Crawled caption data
● ● ● ●
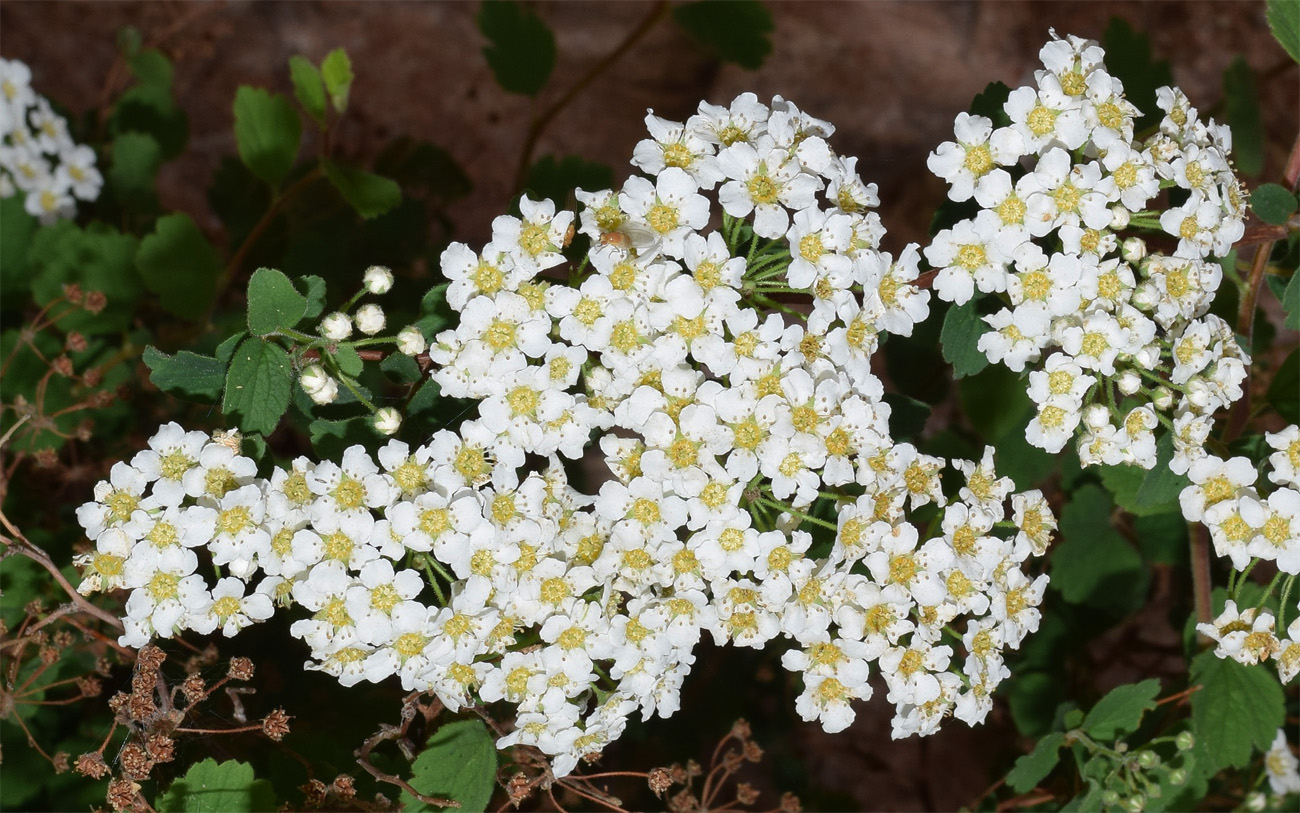 Image of Spiraea pilosa specimen.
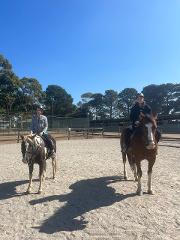 50min Semi-Private Lesson - 10 Session Term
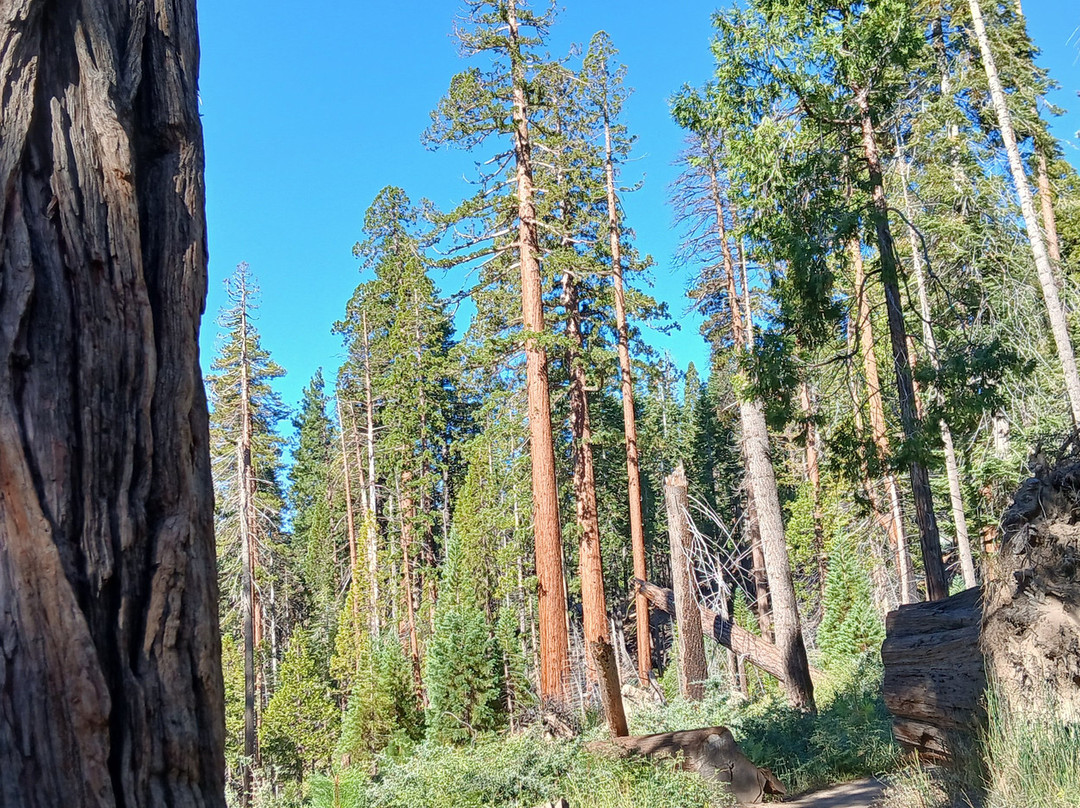 Mariposa Grove of Giant Sequoias-优胜美地国家公园必去景点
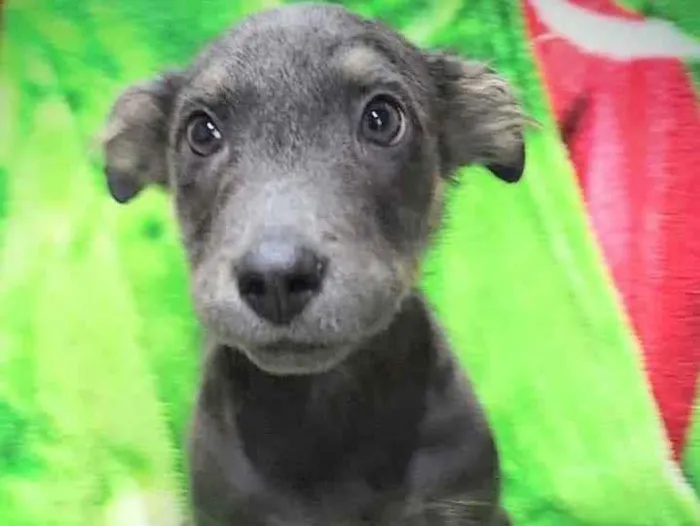 Cachorro ra a SRD idade 2 a 6 meses nome Nina
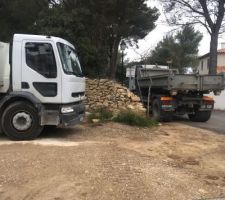 Camions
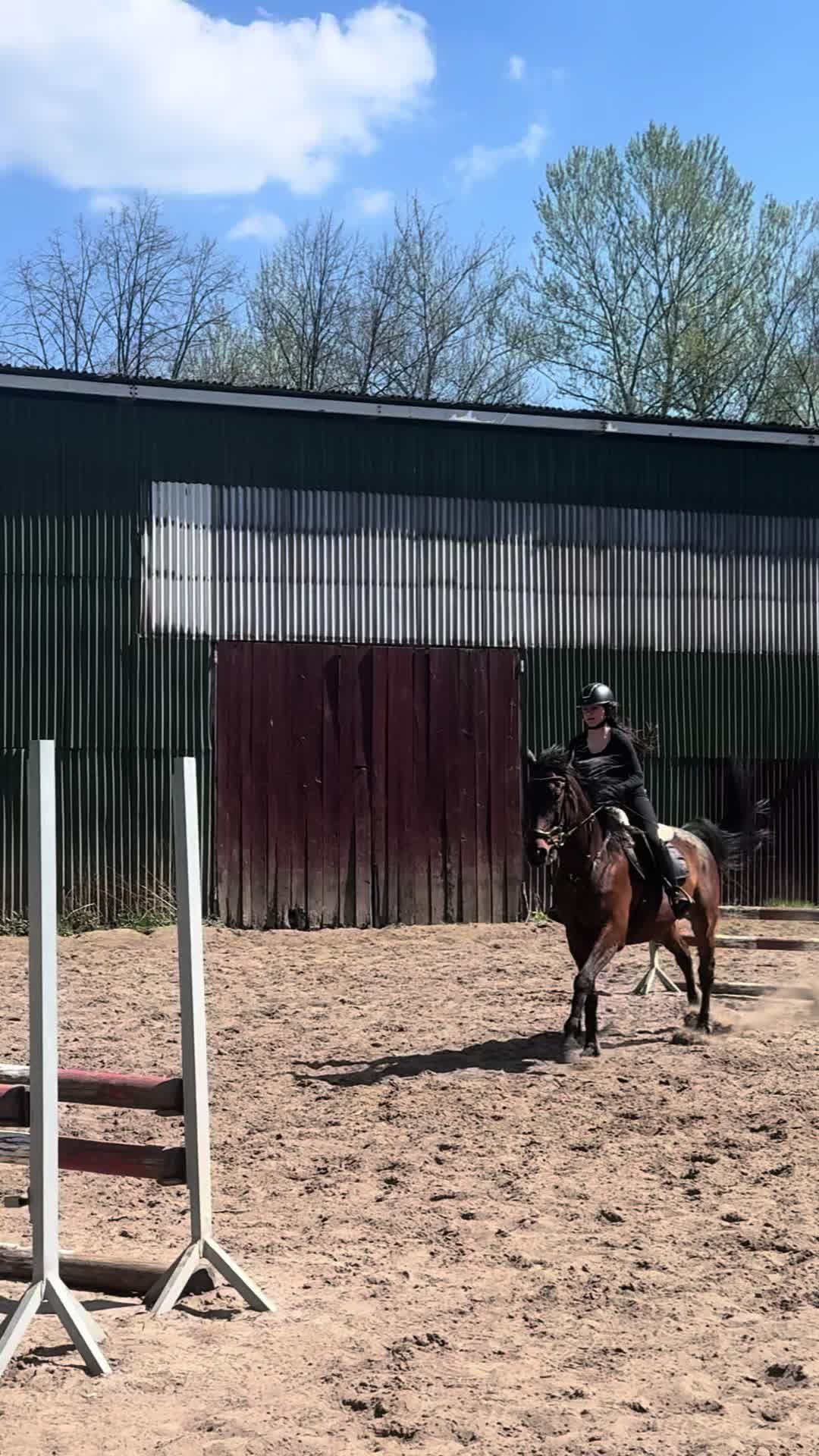 @Horses TikTok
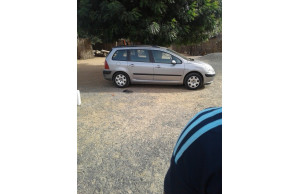 Peugeot 307 0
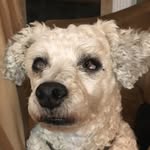 Jake Dunlap - @jake_dunlap35 - Instagram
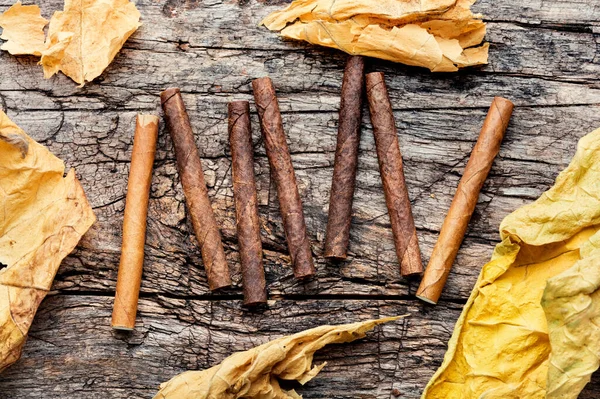 Cigarillos Dry Tobacco Leaf Tobacco Smoking Concept — Stock Photo, Image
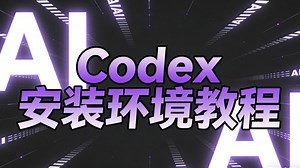 Codex安装环境教程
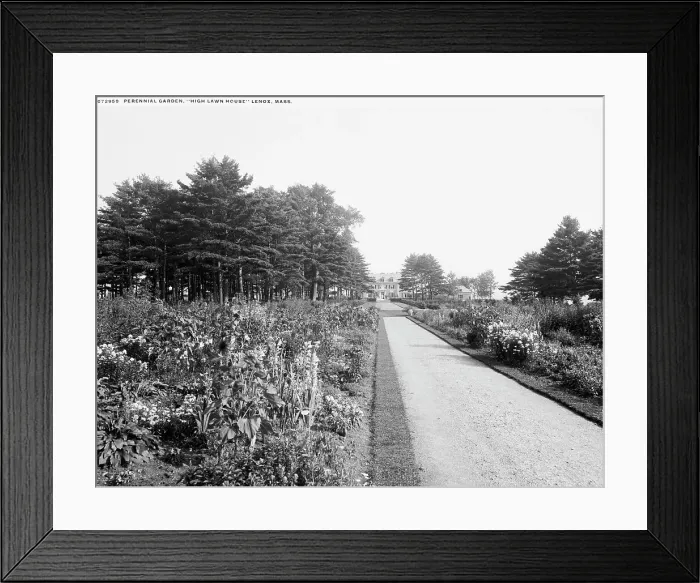 Framed Print : Perennial garden, High Lawn House, Lenox, Mass. between 1900 and 1920. Creator: Unknown Framed Print : Perennial garden, High Lawn House, Lenox, Mass. between 1900 and 1920. Creator: Unknown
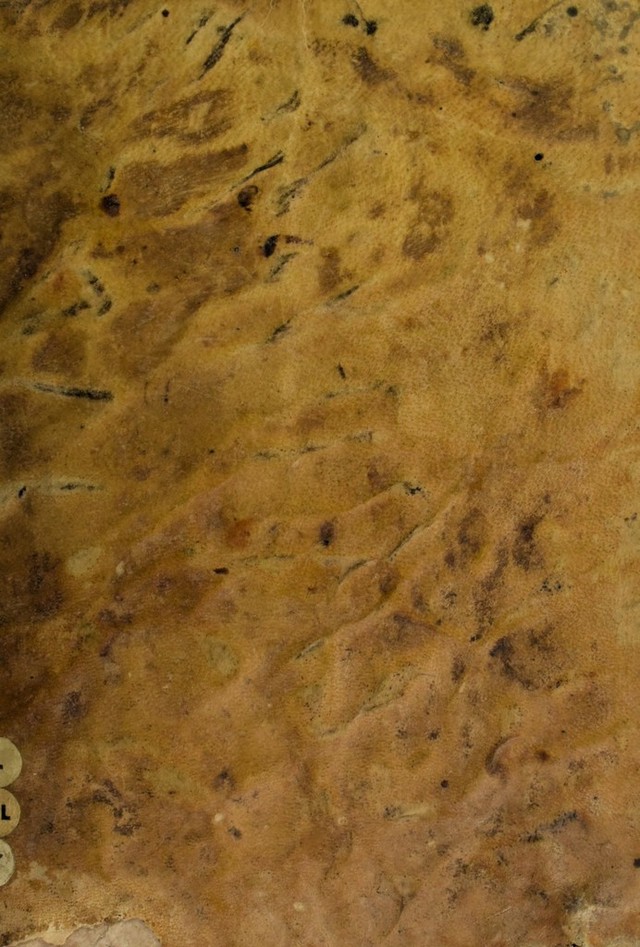 digitised image 1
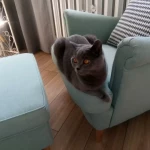 opieka zwierząt - zdjęcie profilowe użytkownika Joanna P.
● ● ● ●
--- What is expected ---
Above are records with pictures. Reproduce exactly only the lines from the line with "Peugeot 307 0" through the line with "digitised image 1", both ends included, and leave the pictures out.

--- Task solution ---
 Peugeot 307 0
 Jake Dunlap - @jake_dunlap35 - Instagram
 Cigarillos Dry Tobacco Leaf Tobacco Smoking Concept — Stock Photo, Image
 Codex安装环境教程
 Framed Print : Perennial garden, High Lawn House, Lenox, Mass. between 1900 and 1920. Creator: Unknown Framed Print : Perennial garden, High Lawn House, Lenox, Mass. between 1900 and 1920. Creator: Unknown
 digitised image 1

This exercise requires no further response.